Input -

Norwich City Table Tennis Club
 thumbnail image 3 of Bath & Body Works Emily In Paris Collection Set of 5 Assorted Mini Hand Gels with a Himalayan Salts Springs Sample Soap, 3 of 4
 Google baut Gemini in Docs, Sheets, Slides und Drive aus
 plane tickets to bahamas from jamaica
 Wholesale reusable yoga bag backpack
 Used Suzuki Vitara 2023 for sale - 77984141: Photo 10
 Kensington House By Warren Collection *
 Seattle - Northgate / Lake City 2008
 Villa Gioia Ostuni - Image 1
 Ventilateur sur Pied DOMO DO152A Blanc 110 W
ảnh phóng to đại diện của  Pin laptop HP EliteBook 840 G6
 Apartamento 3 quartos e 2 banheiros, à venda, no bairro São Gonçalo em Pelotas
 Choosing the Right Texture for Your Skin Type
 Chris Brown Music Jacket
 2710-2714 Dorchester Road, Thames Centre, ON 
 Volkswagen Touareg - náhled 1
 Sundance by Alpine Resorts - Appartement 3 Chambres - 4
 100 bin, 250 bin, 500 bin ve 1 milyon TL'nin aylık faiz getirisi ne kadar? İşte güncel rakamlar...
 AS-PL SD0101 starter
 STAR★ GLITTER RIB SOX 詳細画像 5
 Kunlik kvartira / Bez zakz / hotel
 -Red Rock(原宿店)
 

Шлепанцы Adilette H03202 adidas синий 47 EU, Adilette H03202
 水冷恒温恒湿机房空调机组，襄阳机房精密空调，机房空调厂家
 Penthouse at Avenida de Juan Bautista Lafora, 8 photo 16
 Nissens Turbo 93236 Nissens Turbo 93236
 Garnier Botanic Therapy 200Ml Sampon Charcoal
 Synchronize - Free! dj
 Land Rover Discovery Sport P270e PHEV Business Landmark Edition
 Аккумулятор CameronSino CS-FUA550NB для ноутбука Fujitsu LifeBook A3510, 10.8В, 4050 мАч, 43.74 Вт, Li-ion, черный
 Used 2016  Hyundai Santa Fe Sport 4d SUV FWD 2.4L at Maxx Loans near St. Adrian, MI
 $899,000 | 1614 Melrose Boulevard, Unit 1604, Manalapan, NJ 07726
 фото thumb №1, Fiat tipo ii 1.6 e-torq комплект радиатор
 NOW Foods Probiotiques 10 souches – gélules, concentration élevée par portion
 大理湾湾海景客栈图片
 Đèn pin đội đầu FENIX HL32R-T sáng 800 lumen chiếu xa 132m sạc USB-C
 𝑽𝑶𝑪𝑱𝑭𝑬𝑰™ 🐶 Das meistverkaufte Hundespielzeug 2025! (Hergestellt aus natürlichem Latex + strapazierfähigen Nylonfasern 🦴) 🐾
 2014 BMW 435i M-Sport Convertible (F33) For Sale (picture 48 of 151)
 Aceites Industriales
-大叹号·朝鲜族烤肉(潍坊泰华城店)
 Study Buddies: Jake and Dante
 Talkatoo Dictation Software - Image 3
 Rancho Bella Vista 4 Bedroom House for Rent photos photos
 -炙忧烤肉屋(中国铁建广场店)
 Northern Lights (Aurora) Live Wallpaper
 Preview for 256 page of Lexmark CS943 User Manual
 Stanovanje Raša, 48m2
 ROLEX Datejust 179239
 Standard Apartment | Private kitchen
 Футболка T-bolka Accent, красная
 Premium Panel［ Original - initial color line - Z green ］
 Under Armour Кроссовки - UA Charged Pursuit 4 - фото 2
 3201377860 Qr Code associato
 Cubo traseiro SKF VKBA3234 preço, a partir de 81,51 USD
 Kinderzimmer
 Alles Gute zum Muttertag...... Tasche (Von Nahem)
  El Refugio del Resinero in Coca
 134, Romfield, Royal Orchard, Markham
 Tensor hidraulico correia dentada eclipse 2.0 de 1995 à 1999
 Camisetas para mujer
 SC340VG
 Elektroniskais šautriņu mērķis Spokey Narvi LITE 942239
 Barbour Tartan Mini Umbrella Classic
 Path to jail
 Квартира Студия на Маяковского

Instructions for the task - What you output must match the lines from the beginning of the material through the line with "Seattle - Northgate / Lake City 2008" exactly, both ends included.

Answer space -
Norwich City Table Tennis Club
 thumbnail image 3 of Bath & Body Works Emily In Paris Collection Set of 5 Assorted Mini Hand Gels with a Himalayan Salts Springs Sample Soap, 3 of 4
 Google baut Gemini in Docs, Sheets, Slides und Drive aus
 plane tickets to bahamas from jamaica
 Wholesale reusable yoga bag backpack
 Used Suzuki Vitara 2023 for sale - 77984141: Photo 10
 Kensington House By Warren Collection *
 Seattle - Northgate / Lake City 2008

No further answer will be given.